Material shown:
-*-

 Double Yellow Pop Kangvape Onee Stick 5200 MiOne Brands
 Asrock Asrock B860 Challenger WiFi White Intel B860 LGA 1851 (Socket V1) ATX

-*-

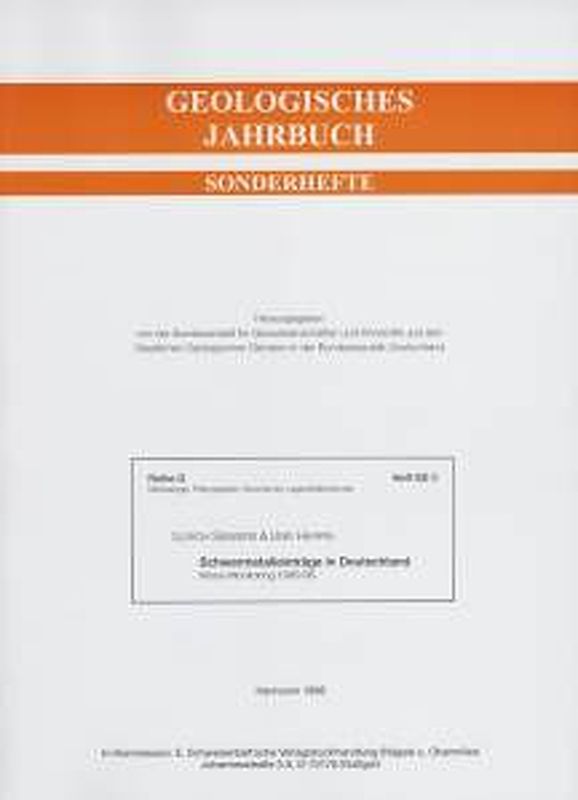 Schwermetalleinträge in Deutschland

-*-

Task description:
Within the material above, copy exactly the lines from the line that holds "Double Yellow Pop" up to and including the line that holds "Asrock Asrock B860".

Reply to the task:
 Double Yellow Pop Kangvape Onee Stick 5200 MiOne Brands
 Asrock Asrock B860 Challenger WiFi White Intel B860 LGA 1851 (Socket V1) ATX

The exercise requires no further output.